Biggest Surprise: Power of General Approaches
Linus has been surprised by how well general-purpose approaches work across multiple tasks. Rather than building separate prompts and models for each task (writing, Q&A, onboarding help), there are long-term payoffs in training a single model on all tasks—it develops a better overall understanding of the product domain.
Similarly, for generative UI, giving the AI more control over what appears on the screen is a harder ML problem but likely more rewarding long-term than hardcoding interfaces powered by AI.
Given how quickly models are improving, betting on generality is a strong strategy.
Where Else Would He Work on AI
Midjourney is the company Linus would most want to work at if not at Notion. He admires their lab-like structure where individuals champion specific ideas and push prototypes forward independently—a “garden” approach that yields productive outcomes because individuals iterate much faster than teams.
Adept is also interesting for tackling the ambitious problem of a general agent that can perform any computer task.
Debrief and Additional Insights
Notion’s heavy dogfooding culture is a major advantage for AI development—internal usage provides rapid feedback on quality and utility, and having a large, engaged user base accelerates learning about unexpected use cases.
Notion built its own evaluation tooling because off-the-shelf solutions didn’t handle Notion’s complex document structures, and in-house tools allow faster iteration. The highest-value evaluation practice is engineers manually examining failure cases to understand root causes.

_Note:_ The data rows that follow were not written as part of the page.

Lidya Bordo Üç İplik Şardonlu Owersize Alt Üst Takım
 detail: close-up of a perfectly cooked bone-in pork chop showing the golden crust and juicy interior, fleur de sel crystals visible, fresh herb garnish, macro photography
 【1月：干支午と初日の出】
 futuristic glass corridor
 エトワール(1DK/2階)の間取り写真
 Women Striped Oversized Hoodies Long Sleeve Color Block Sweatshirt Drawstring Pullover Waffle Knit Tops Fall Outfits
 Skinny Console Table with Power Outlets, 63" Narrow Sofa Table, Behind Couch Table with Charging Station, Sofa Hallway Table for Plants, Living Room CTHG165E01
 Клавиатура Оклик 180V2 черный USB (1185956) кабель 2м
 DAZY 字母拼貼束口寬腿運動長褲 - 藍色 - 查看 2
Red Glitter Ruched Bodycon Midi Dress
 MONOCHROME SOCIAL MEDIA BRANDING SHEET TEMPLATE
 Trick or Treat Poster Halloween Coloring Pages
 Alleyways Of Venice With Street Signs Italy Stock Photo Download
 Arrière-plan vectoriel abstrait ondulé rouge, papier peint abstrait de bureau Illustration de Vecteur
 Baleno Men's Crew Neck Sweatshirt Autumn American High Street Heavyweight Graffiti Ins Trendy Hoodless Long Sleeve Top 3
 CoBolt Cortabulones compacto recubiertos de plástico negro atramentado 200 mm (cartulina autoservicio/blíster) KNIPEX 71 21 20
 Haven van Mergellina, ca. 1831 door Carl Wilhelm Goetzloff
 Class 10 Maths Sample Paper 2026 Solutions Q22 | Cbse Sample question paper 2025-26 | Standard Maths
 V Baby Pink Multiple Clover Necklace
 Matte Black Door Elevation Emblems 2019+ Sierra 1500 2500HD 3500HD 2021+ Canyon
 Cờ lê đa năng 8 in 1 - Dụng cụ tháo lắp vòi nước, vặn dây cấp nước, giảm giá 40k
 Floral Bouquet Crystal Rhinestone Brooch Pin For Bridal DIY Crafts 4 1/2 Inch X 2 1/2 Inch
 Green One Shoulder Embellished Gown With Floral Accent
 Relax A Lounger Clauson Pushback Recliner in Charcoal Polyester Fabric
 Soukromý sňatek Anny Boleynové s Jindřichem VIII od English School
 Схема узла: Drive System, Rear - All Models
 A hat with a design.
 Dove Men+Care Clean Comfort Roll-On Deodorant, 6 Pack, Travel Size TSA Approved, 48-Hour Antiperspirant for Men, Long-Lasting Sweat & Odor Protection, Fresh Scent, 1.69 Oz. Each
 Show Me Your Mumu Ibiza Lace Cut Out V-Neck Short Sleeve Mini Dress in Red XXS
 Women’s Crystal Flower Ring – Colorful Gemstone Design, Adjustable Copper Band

Notion outsources model infrastructure entirely to Anthropic and OpenAI, focusing its own engineering on task understanding, data, and evaluation. This makes sense for an application company rather than an infrastructure company.
The rapid cost declines from foundation model providers (e.g., OpenAI’s 3x price cuts) make it hard to predict what’s cost-prohibitive today—the advice is to build anyway since costs will likely continue falling.
Notion AI is considered one of the most compelling consumer-facing LLM applications, alongside GitHub Copilot.